The Blue Yerevan Pavilion is a multimedia installation that explores the hydro-narratives of Yerevan city and the memories surrounding its water bodies. Developed by the Armenian cultural institution CSN Lab as part of its long-term transdisciplinary research, the exhibition brings together literature, architecture, urbanism, visual art, archival materials and ecological reflections to decolonise narratives and reveal alternative images of the city.
Visitors are invited to discover Yerevan through its hidden rivers, lost landscapes, and richly layered memories. The Pavilion evolves around CSN Lab’s Getar: Memory of a River book on Yerevan’s covered and canalised stream, and expands into a broader reflection that bridges literary narratives, archival maps and photographs, multimedia projects and artistic interventions. Archival photographs and maps trace the transformation of the urban environment from the start of the Soviet era to the collapse of the Union and subsequent developments in independent Armenia, while contemporary artworks and hydro-feminist perspectives explore how water, bodies, gender, and care intersect in the city’s landscape.
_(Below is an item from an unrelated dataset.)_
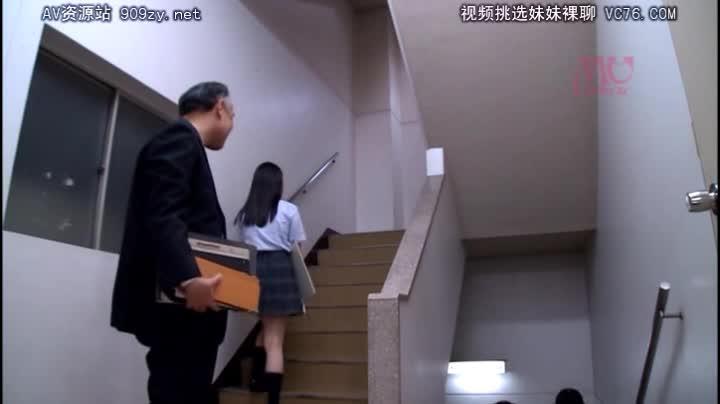 犯された女子校生 箱入り令嬢のヒミツ 藍沢潤 識別碼: SNIS-228<br>長度: 148分鐘<br>導演: ［Jo］Style<br>製作商: エスワンナンバーワンスタイル<br>發行商: S1NO.1STYLE<br>系列: 犯された女子校生<br>類別:高畫質 薄馬賽克 輪姦 千金小姐 DMM獨家 單體作品 高中女生<br>演員:藍沢潤<br>混血美女调教，锁链镣铐被玩弄，挣扎无效，被学生和老师们拘束最后和校长一起堕落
A multimedia section on one of Yerevan’s oldest neighbourhoods examines its vernacular networking architecture and community life shaped by the natural landscape.
As both a research archive and a space for public dialogue, the Blue Yerevan Pavilion invites people to reflect on water as a site of cultural and social memory, ecological heritage, and a lens for imagining more sustainable and inclusive urban futures.